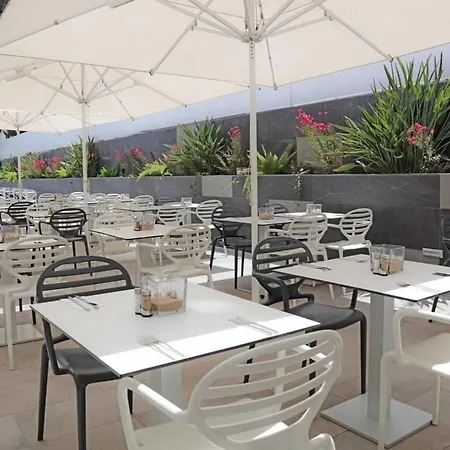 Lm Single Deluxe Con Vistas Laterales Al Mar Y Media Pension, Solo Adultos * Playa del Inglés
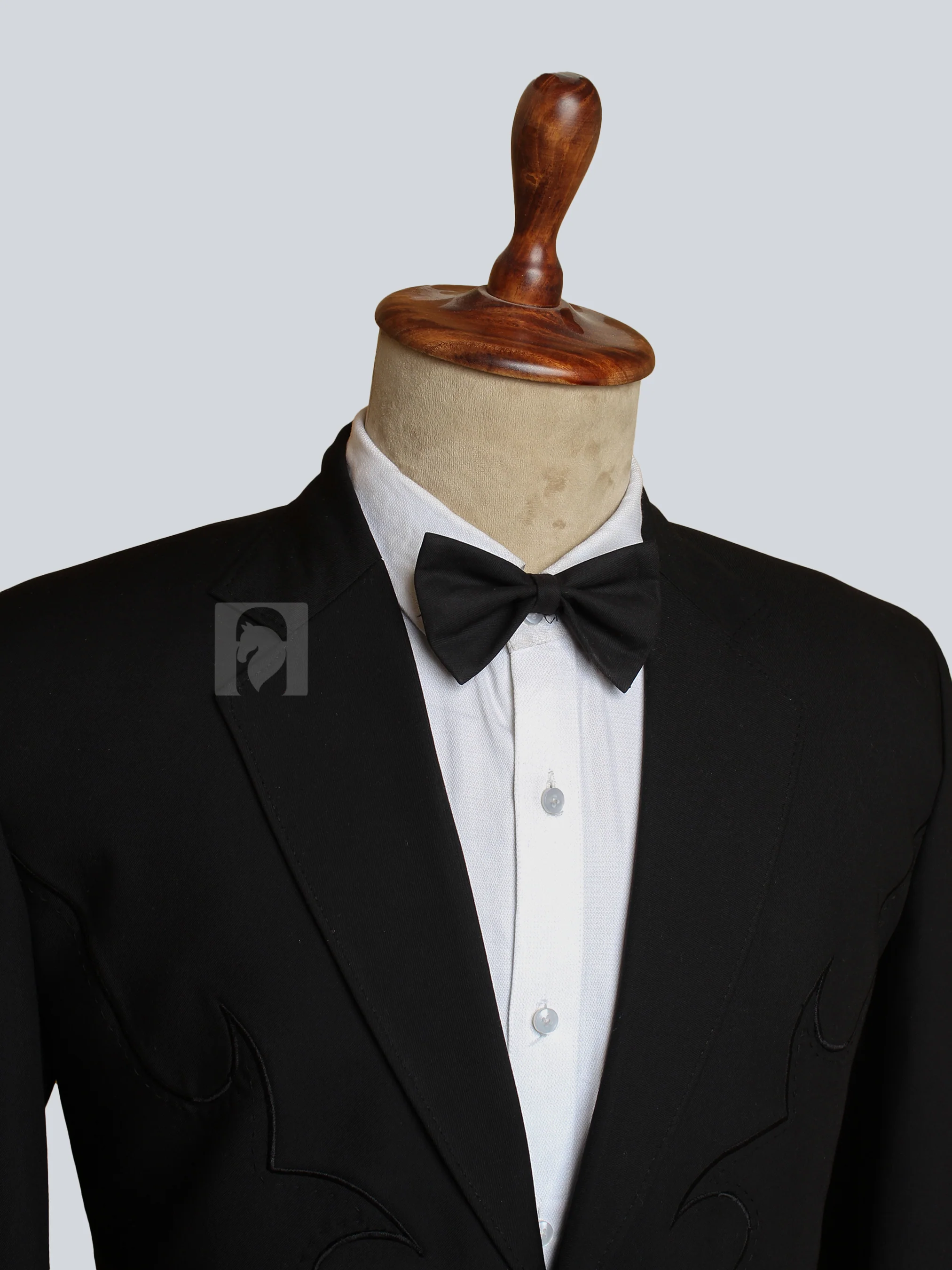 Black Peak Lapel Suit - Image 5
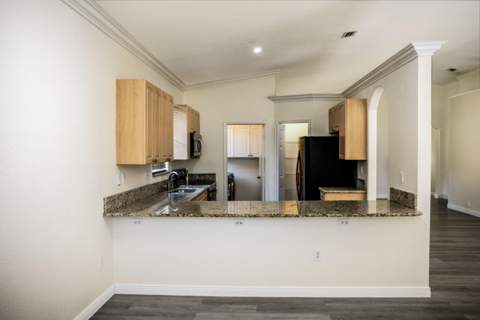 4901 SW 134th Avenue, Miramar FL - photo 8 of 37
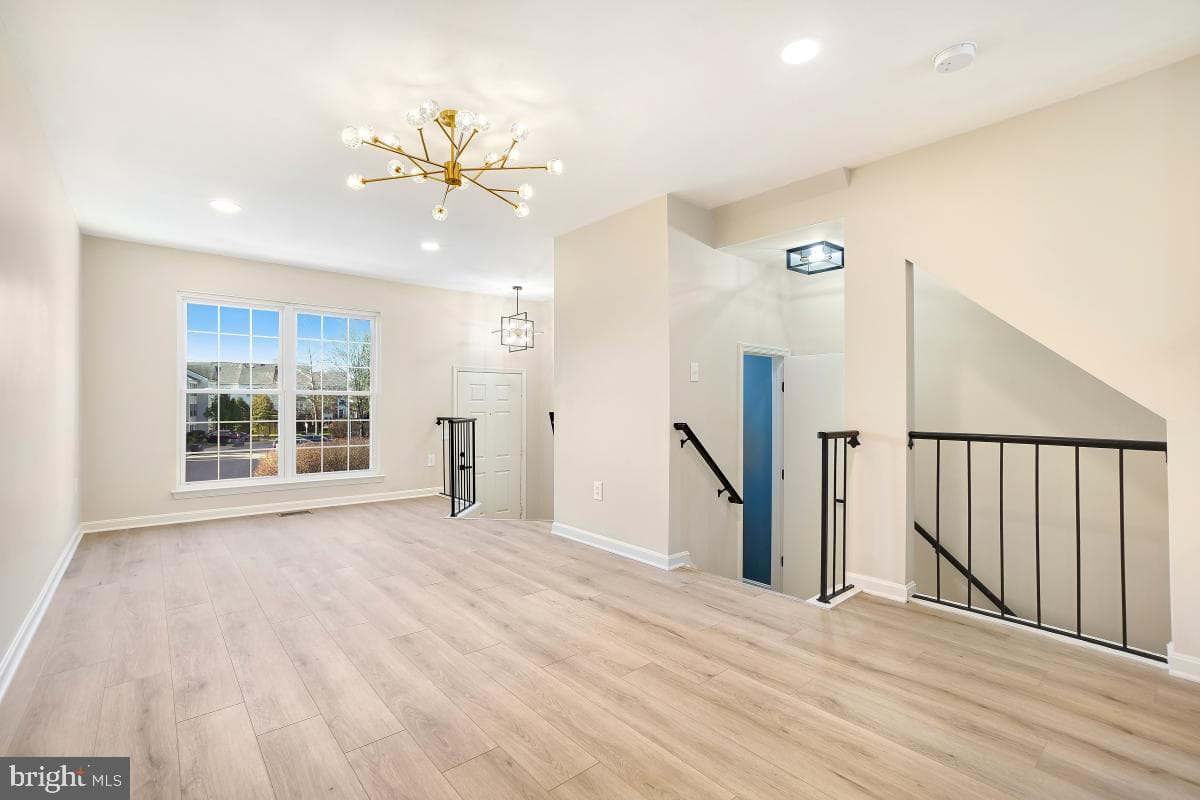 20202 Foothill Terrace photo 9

_ _ _

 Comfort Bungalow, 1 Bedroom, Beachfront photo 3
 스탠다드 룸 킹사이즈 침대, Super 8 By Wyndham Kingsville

_ _ _

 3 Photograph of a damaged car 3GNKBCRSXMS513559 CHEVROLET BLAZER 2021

_ _ _

PROBLEM TO SOLVE — Both boundary lines included, write out word for word only the lines above from the one containing "Lm Single Deluxe" to the one containing "20202 Foothill Terrace photo 9", leaving out any pictures.

REPLY —
 Lm Single Deluxe Con Vistas Laterales Al Mar Y Media Pension, Solo Adultos * Playa del Inglés
 Black Peak Lapel Suit - Image 5
 4901 SW 134th Avenue, Miramar FL - photo 8 of 37
 20202 Foothill Terrace photo 9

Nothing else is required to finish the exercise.